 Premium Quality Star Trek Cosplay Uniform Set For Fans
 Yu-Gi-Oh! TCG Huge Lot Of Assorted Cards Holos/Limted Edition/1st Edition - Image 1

=======

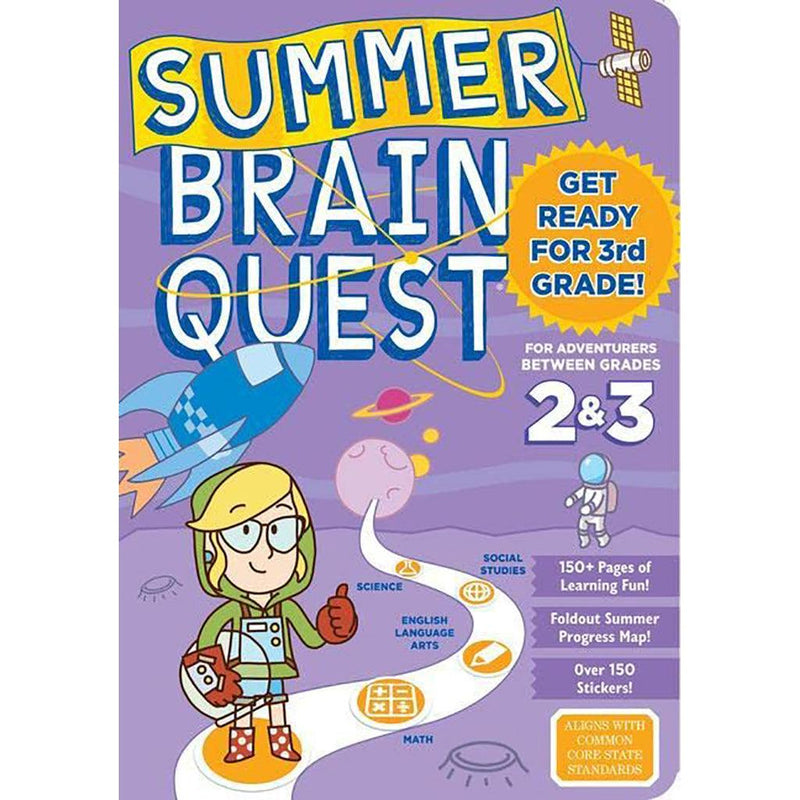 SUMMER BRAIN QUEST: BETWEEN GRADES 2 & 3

=======

▸ What the task asks
What you give back should be only the lines of the records above, starting at the line with "Premium Quality Star" and ending at the line with "Yu-Gi-Oh! TCG Huge", restated word for word.

▸ Reply to the exercise
 Premium Quality Star Trek Cosplay Uniform Set For Fans
 Yu-Gi-Oh! TCG Huge Lot Of Assorted Cards Holos/Limted Edition/1st Edition - Image 1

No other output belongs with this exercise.